Start of Stored data

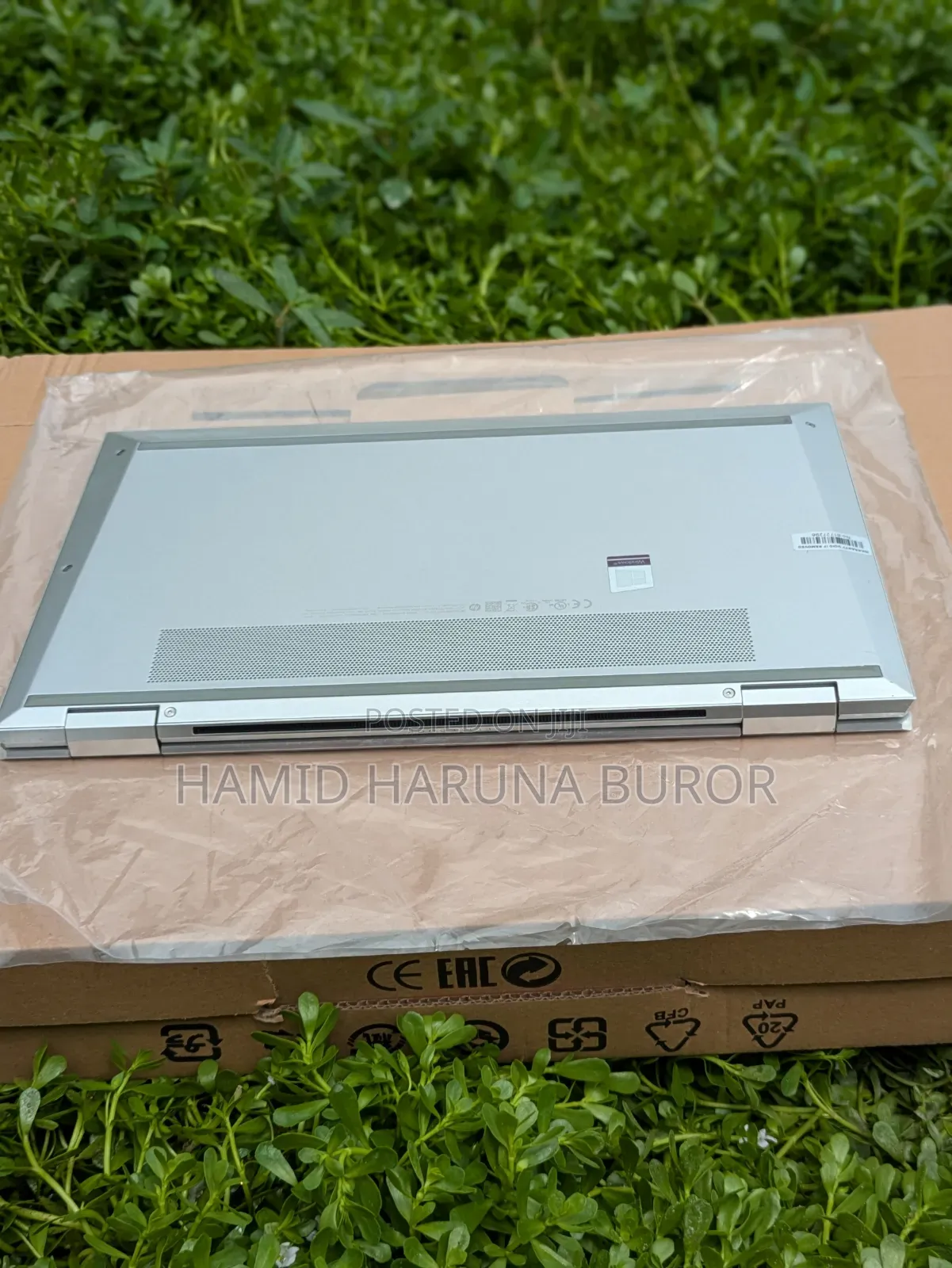 Laptop HP EliteBook 840 G7 8GB Intel Core i5 SSD 256GB
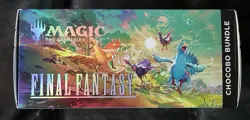 Magic: The Gathering - FINAL FANTASY Chocobo Bundle - Image 5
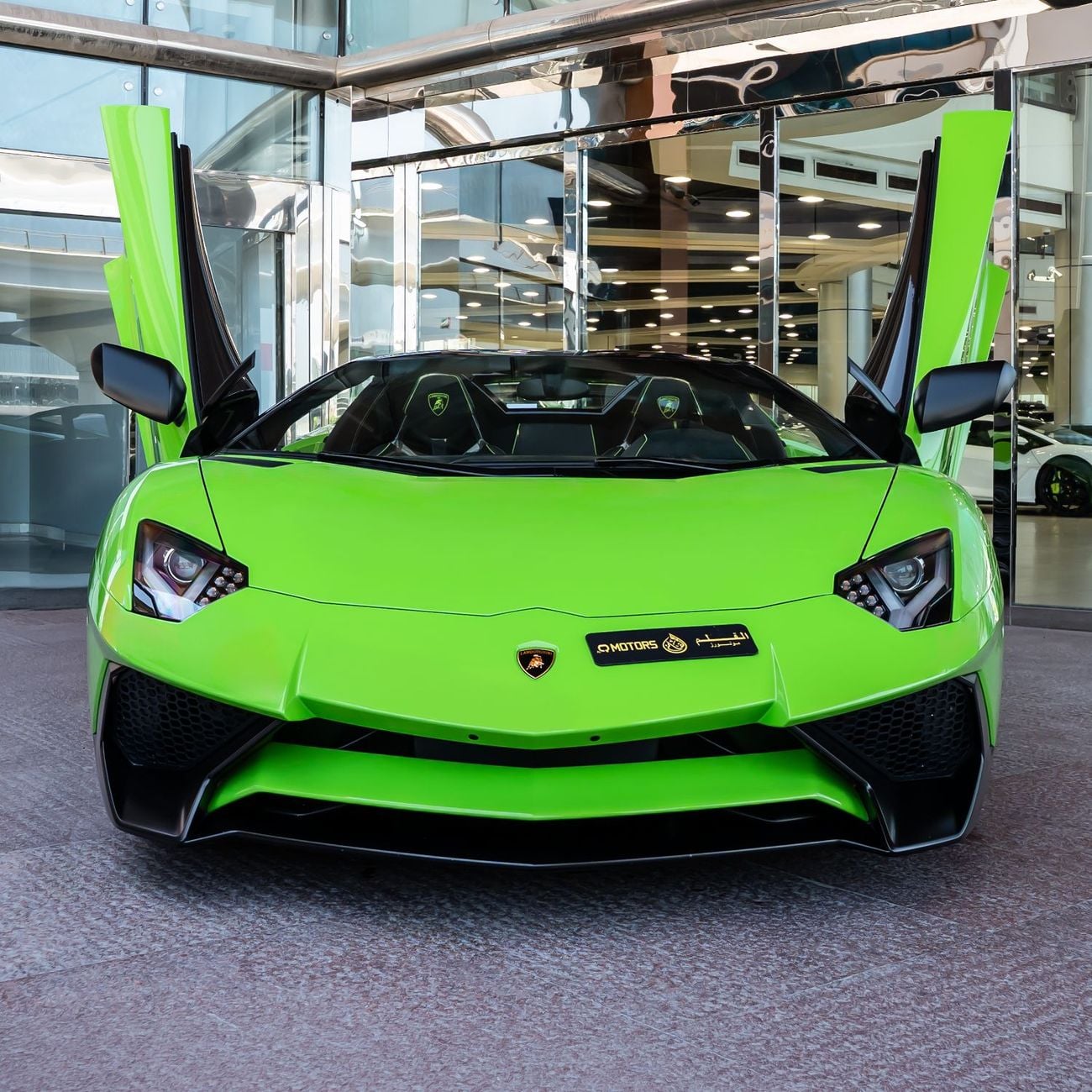 Lamborghini Aventador Roadster 2017 Lamborghini Aventador LP 750-4 Superveloce Roadster | Rare Collector Item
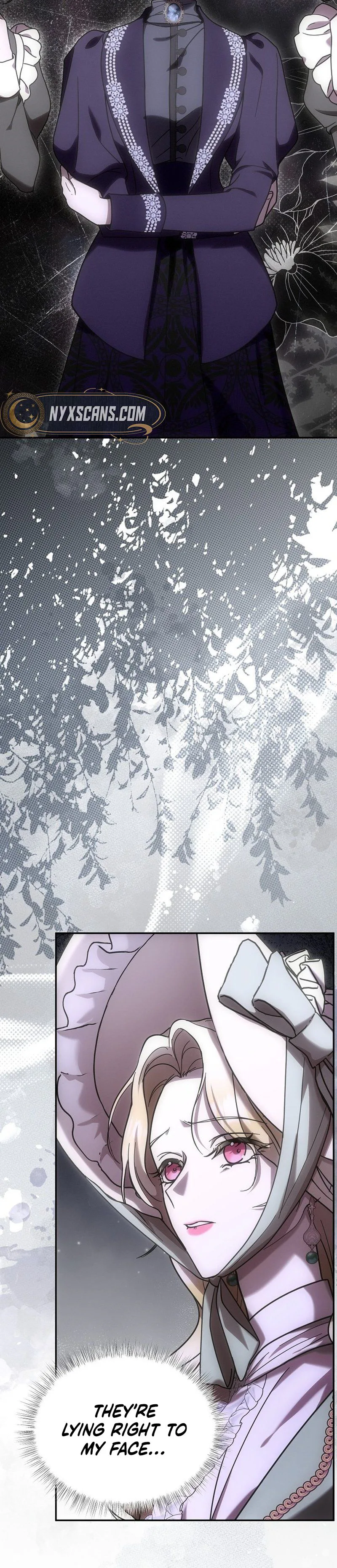 A Queen Worthy of Dishonor Chapter 2 Page 21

End of Stored data

**Exercise prompt:**
In your answer, set down the full listing word for word and include no pictures.

**Response to the exercise:**
 Laptop HP EliteBook 840 G7 8GB Intel Core i5 SSD 256GB
 Magic: The Gathering - FINAL FANTASY Chocobo Bundle - Image 5
 Lamborghini Aventador Roadster 2017 Lamborghini Aventador LP 750-4 Superveloce Roadster | Rare Collector Item
 A Queen Worthy of Dishonor Chapter 2 Page 21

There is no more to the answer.